The scene is lit naturally by the soft light coming from the window in the upper right of the photograph.  The flat lighting and also the knowledge that Gallagher lives and works in Belfast, one can assume that this was shot on one of the many overcast days experienced in the north east of Ireland.

Although limited in visual content, there are several signifiers evident here.  Most prominent are the obscured faces.  They are boys' faces.  They are obscured by the leaves of a large house plant.  They are positioned behind this plant, on the ground and beside a window.  We can assume that they are in a corner.  The room lights are off.  They are in semi-darkness, lit by the limited light of a grey day.  The boy in the foreground looks away from the camera lens, towards the ground, his head angled.  He actively averts his gaze.  The face in the background is facing the camera but his eyes cannot be seen.  We can not even be sure if this is a real face. This scene is cast in blue. The photograph is underexposed. 

What is signified here?  The low lighting, averted and obscured gazes and suggestion of hiding allude to feelings of shame or fear.  Why are the boys hiding? What have they done?  The combination of the avoidance of eye contact and gender of the subjects summon pre existing biases and prejudices in the viewer.  Boys are bold.  They do bad things.  They feel shame (and anger) when they do these things.  They flee or hide.  The presence of the photographer, their mother, hovers as the figure of authority.  Is this the figure they have fled.  There are two of them, both hiding together.  Co-conspirators in whatever upset they have caused.  There is a melancholy here.  They don’t know how to communicate and explain their actions.  They seek refuge behind the plant.  Perhaps the older one shields or protects the younger one in the background?

But what do I bring to this reading?  How does my experience, my make-up, my pre-existing knowledge of the work persuade the way in which I stitch together the individual elements of this image?

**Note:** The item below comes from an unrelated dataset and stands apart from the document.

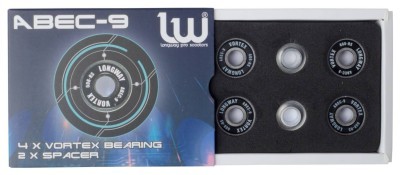 Longway Vortex підшипники для коліс (комплект 4 шт)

What is my share(3)?  I am a father of young boys.  I have been a young boy.  I am an older brother.  I have felt shame and hid or ran away when I misbehaved or upset my parents.  I have seen my children hide when they upset me.

One must be aware that any reading of an image is seen through one’s own awareness.  This is informed as much by the internal mechanisms of the viewer’s psychology, their memory and cognition, as the visual inventory within the pictorial frame.  Much like we navigate the real world, we imbed upon the world of images our own perceptual framework(5).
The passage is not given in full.